[DATASET EXTRACT]

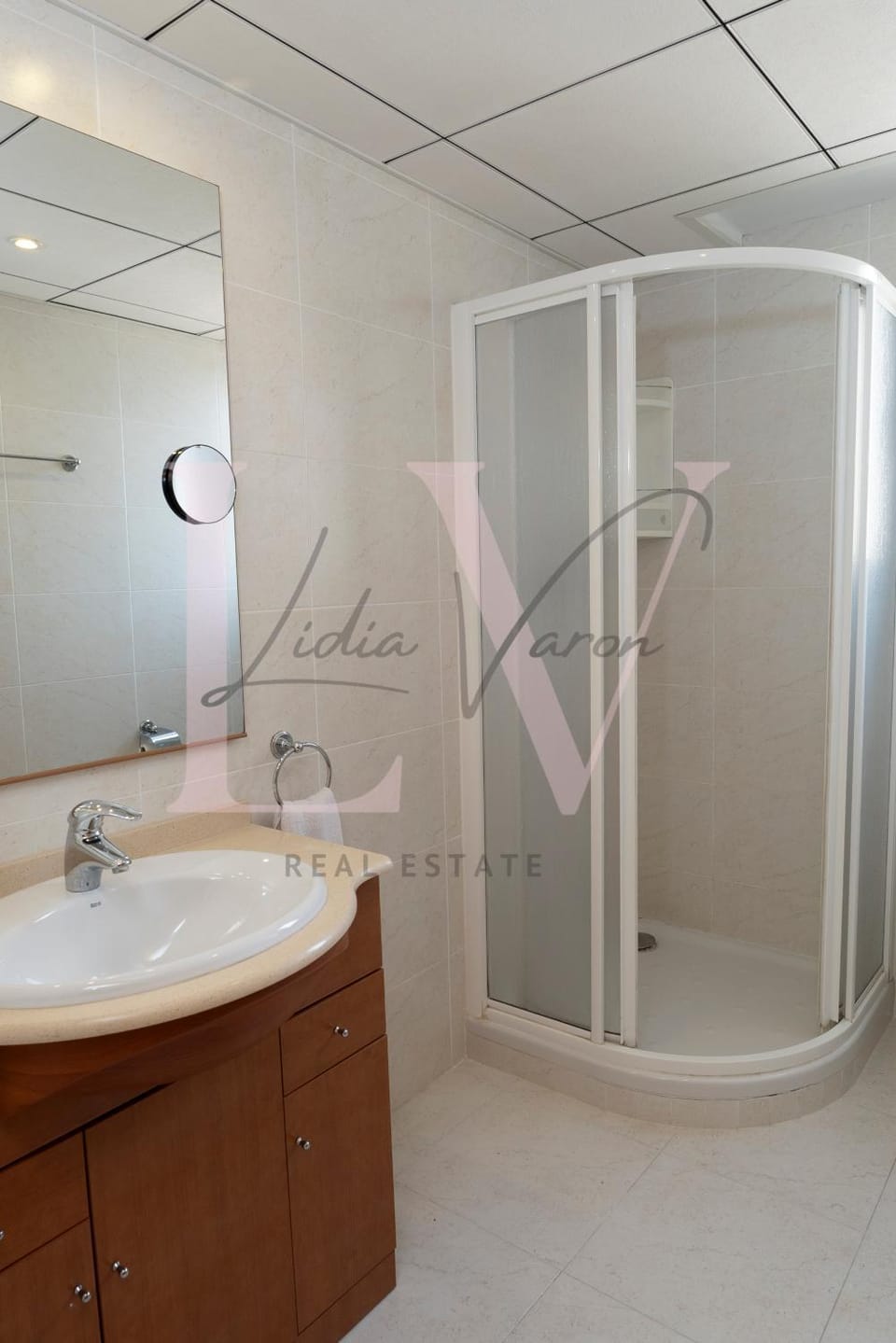 LV Maldivas III Apartment in La Pineda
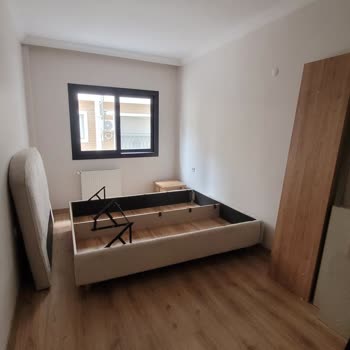 Kelebek Mobilya’nın Eksik Parçaları Ve Geciken Montajı Mağduriyet Yaratıyor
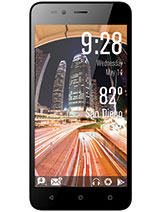 Best available price of verykool s5020 Giant in Bahrain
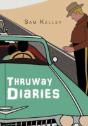 Thruway Diaries - Preview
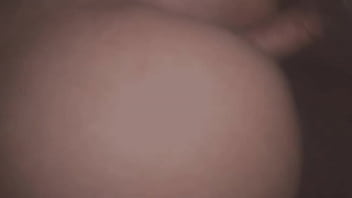 Preview 1 of Dildos Dp - Fudendo no loteamento com o desconhecido
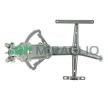 Window Regulator MIRAGLIO 30/1426 buy cheap with discounts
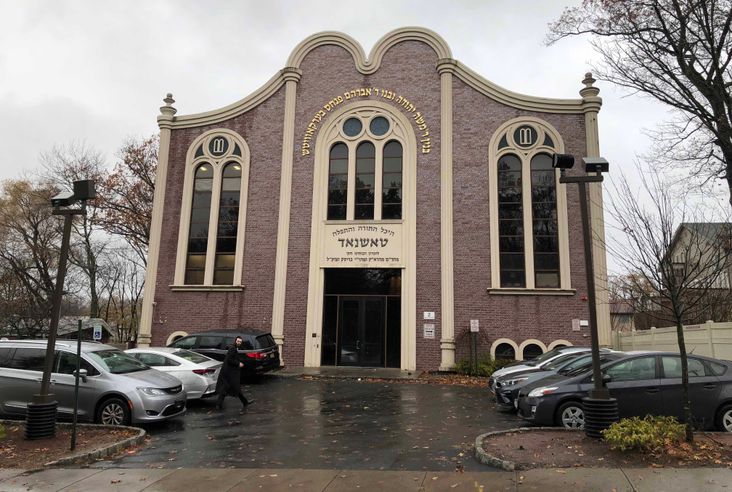 monsey-stabbing-new-york-hasidic-jews-anti-semitic-hate-crime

[/DATASET EXTRACT]

(TASK DETAILS): The answer consists solely of the lines from the one holding "Thruway Diaries - Preview" through the last line of the entries above, set down verbatim, without any pictures.

(WRITTEN SOLUTION):
 Thruway Diaries - Preview
 Preview 1 of Dildos Dp - Fudendo no loteamento com o desconhecido
 Window Regulator MIRAGLIO 30/1426 buy cheap with discounts
 monsey-stabbing-new-york-hasidic-jews-anti-semitic-hate-crime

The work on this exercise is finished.